May 17th, 2011 at 1:02 pm
Key line in the article:
“Congress passed a law … mandating that bulbs producing 100 watts worth of light meet certain efficiency goals…”
Note that this is only “general purpose” lamps, and only 30% more efficient — so incandescent lamps using the halogen cycle aren’t banned, not are “rough service” bulbs or bulbs with decorative shapes or tints.

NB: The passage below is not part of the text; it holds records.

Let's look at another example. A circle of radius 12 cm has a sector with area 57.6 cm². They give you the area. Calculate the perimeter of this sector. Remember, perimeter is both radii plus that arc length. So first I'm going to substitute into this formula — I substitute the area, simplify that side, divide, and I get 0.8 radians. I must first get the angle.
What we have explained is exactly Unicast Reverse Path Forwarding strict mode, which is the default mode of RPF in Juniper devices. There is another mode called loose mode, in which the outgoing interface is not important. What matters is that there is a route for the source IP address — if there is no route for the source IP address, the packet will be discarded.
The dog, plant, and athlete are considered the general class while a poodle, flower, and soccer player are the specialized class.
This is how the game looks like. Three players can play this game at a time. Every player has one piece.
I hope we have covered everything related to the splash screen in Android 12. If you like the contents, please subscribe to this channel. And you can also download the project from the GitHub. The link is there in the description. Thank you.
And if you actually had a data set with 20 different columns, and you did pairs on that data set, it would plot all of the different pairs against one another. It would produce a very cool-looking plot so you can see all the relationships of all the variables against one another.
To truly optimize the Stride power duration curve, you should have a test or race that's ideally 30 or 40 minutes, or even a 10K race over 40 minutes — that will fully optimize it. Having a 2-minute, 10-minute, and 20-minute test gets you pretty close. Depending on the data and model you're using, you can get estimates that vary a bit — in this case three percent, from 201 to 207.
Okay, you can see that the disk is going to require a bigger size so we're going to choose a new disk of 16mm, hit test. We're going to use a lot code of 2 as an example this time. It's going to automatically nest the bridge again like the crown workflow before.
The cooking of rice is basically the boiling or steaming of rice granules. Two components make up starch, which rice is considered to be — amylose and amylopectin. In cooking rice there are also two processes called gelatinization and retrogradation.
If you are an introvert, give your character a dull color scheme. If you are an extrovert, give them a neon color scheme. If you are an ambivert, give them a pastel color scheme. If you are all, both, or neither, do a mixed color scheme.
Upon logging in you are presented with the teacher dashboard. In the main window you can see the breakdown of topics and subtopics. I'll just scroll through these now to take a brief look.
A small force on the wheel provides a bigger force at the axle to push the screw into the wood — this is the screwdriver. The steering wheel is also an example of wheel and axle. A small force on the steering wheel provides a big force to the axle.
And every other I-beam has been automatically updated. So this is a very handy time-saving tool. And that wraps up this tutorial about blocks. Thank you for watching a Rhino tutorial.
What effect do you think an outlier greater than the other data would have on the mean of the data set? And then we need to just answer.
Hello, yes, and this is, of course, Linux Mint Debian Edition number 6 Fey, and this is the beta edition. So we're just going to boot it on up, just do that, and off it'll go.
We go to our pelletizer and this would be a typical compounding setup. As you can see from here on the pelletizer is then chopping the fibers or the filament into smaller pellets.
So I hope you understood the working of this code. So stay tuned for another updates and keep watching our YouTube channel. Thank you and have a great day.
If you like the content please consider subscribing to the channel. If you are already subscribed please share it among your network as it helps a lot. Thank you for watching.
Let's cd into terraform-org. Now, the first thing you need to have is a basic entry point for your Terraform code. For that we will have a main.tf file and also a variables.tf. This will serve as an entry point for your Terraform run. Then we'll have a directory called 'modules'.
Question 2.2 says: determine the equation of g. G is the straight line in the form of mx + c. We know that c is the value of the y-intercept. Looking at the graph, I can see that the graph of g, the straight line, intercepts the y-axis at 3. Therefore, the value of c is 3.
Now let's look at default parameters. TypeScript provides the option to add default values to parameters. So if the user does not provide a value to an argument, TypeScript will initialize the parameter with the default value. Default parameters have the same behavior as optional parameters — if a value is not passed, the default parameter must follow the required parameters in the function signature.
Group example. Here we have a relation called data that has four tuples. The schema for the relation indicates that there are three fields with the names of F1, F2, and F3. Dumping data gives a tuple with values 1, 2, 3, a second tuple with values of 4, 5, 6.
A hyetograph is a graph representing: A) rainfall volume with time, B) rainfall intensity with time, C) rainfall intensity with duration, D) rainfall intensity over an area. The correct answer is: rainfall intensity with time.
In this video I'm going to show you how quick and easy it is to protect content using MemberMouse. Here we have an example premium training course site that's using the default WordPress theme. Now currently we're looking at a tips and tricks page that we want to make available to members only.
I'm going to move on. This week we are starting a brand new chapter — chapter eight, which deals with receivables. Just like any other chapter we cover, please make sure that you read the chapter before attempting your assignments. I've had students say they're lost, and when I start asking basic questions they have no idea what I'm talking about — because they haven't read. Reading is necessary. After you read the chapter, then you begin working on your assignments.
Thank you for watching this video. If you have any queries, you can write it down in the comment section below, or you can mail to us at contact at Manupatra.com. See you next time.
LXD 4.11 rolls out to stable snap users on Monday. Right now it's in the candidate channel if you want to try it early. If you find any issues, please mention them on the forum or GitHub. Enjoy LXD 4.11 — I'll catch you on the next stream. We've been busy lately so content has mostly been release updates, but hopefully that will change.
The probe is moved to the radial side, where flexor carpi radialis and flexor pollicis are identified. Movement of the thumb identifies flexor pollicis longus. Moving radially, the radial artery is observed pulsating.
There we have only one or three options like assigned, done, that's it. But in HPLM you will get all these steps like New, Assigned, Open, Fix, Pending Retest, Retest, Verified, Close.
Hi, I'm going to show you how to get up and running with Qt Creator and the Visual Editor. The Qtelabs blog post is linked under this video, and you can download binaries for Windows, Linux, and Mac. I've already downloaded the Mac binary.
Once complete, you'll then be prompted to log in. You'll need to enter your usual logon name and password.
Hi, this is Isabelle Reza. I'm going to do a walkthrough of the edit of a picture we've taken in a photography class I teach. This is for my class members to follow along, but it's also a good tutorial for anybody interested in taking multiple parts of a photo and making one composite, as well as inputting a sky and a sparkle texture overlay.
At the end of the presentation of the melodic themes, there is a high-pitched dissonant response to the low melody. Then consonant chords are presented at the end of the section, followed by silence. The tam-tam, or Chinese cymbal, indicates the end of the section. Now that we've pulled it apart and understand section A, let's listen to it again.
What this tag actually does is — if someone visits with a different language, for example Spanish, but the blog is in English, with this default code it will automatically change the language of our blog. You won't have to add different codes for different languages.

I suspect none of us will have any difficulty getting 100W incandescent bulbs if we want them, unless it is for commercial use in states with their own ban.
May 17th, 2011 at 2:49 pm
Enter the 95 watt conventional bulb. Now available at various retailers. I don’t recall seeing this bulb prior to the ban. I’ve seen them at Lowes and Bi-Mart.
May 17th, 2011 at 5:20 pm
CFLs, even the ones that are supposed to, don’t work with dimmers. I have dimmers. Lots of them. LEDs do work. I’ve experimented with them, so I know. Plus LEDs (should) last essentially forever. Going by ratings, the typical incandescent will last 1000 hours; an LED 50000. That’s worth 50x the price right there. But wait, there’s more! The energy savings is about 80%. That adds up pretty fast, too. Then realize the price will drop. Paid 1200 1980 dollars for a VCR lately? No? A much better one is available for 80 2011 dollars? Well, then. I still have enough incandescents to stun an ox, but as a geek I’m kinda excited about the LEDs.
May 17th, 2011 at 5:39 pm
The savings and stuff is all cool, and I understand the eventual price drop, but it should be the end user making the choice, not the turds in DC.
May 17th, 2011 at 5:44 pm
Even then, reading the comments, we switch over, the company starts to lose money, they just up the rates. No way to win this game.
May 17th, 2011 at 6:23 pm
Depends on where the LED bulbs are made. If it’s china, then no way in hell am I buying any.
May 17th, 2011 at 7:46 pm
I’m blessed with a bunch of base-up unvented fixtures. I’m not putting a $50 lamp in one until I see lots of reports from others that it works just fine.
May 18th, 2011 at 8:31 am
As luck would have it, they’ve just made a 100 watt equivalent LED bulb: http://inhabitat.com/switch-announces-worlds-first-100-watt-equivalent-led-bulb/
I’d buy one of these just because of how cool it looks. 🙂
May 18th, 2011 at 8:53 am
I wonder if one can protest by getting this HAZMAT 50 buck light bulbs by, after they burn out, tossing them in front of a federal building for disposal.
I mean if they mandate it, let them dispose of it, right?